### WHAT THE TASK REQUIRES
Every line in the data below that includes "Black" belongs in the answer, copied as it stands.

==== AVAILABLE DATA ====

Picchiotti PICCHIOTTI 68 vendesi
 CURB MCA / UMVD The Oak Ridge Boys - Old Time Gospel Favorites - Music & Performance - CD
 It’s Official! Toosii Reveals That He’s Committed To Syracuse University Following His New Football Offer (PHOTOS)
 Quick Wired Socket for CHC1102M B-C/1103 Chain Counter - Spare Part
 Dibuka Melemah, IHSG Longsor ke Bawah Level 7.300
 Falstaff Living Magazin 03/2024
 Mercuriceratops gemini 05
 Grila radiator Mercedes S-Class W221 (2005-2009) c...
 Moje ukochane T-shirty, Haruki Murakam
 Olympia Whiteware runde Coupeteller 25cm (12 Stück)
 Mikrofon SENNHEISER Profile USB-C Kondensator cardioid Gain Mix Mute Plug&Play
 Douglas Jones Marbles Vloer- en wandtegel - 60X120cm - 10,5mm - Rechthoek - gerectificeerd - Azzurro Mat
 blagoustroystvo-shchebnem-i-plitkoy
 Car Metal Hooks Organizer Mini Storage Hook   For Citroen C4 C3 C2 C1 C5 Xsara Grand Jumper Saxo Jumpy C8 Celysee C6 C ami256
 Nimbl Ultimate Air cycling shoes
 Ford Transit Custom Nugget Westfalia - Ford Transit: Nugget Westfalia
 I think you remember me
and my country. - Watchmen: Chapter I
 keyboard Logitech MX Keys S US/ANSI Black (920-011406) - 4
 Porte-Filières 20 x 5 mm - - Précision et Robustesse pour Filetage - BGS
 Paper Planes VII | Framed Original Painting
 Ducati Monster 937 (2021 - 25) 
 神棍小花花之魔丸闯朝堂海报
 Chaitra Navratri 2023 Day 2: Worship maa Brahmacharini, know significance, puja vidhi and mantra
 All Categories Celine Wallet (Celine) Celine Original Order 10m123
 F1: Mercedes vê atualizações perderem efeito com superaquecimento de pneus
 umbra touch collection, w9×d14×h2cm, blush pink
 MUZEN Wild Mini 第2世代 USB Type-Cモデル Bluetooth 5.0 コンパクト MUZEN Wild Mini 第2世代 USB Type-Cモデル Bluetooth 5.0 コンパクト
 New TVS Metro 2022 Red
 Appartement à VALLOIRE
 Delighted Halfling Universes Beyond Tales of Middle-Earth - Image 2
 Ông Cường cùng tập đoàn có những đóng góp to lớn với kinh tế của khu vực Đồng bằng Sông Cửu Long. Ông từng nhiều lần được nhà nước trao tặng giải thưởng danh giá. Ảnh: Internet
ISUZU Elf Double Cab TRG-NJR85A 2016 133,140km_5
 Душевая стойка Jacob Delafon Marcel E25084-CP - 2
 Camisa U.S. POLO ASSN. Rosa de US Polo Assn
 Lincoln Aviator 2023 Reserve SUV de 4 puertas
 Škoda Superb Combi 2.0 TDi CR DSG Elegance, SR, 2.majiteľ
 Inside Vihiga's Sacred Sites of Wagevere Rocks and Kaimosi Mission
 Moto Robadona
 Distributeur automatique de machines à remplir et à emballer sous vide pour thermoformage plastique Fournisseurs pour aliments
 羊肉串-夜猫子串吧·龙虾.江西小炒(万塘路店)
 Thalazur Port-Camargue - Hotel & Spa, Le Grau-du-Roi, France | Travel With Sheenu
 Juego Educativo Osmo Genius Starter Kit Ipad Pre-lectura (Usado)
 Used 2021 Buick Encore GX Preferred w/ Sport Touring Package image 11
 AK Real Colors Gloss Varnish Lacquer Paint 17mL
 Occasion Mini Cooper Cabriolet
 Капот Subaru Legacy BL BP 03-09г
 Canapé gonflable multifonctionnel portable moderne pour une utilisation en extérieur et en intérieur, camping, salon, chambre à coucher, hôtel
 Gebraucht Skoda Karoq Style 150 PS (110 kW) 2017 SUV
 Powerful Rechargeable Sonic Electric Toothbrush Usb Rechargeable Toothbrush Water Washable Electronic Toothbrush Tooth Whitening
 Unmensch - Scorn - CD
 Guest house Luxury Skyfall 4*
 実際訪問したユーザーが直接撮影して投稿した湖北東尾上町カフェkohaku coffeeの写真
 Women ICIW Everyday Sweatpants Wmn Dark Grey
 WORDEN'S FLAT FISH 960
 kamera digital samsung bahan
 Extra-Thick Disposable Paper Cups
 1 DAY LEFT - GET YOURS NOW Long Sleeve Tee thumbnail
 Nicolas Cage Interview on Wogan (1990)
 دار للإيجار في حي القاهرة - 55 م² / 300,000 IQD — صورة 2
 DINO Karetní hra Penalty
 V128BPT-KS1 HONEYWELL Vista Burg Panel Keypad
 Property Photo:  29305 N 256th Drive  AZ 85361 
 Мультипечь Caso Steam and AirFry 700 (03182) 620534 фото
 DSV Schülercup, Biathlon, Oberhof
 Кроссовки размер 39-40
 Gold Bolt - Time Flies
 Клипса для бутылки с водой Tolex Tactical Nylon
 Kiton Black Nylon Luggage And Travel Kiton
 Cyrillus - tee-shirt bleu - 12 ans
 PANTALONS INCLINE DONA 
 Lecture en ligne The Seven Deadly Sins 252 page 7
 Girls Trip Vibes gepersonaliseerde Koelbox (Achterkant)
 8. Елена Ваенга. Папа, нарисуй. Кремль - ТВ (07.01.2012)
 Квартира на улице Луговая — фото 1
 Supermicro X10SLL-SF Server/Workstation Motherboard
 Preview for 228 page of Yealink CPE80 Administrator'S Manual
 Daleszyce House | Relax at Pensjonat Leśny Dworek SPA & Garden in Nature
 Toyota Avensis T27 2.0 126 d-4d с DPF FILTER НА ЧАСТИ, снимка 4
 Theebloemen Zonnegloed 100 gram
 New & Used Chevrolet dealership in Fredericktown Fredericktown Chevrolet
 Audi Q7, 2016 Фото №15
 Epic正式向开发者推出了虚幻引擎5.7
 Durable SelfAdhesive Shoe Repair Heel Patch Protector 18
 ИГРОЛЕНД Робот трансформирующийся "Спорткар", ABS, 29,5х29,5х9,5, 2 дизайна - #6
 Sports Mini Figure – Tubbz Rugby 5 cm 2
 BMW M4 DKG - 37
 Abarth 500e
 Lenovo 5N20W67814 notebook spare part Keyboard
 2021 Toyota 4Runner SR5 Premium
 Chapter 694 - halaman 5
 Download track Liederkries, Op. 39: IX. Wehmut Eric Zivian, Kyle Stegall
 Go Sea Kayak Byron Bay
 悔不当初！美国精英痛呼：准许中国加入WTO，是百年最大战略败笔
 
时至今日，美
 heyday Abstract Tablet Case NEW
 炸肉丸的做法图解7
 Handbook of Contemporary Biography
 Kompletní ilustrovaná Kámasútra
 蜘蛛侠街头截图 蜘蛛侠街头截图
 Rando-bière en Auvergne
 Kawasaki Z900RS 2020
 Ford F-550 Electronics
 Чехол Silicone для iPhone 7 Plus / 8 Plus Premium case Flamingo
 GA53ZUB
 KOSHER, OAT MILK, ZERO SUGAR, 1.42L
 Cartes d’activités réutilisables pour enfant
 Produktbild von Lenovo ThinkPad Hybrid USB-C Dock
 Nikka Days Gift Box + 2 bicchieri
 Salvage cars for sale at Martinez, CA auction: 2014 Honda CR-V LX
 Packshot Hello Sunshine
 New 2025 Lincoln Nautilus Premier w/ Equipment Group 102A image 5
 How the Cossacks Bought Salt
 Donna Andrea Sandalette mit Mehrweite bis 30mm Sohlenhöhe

====

### OUTPUT BELOW
 keyboard Logitech MX Keys S US/ANSI Black (920-011406) - 4
 Kiton Black Nylon Luggage And Travel Kiton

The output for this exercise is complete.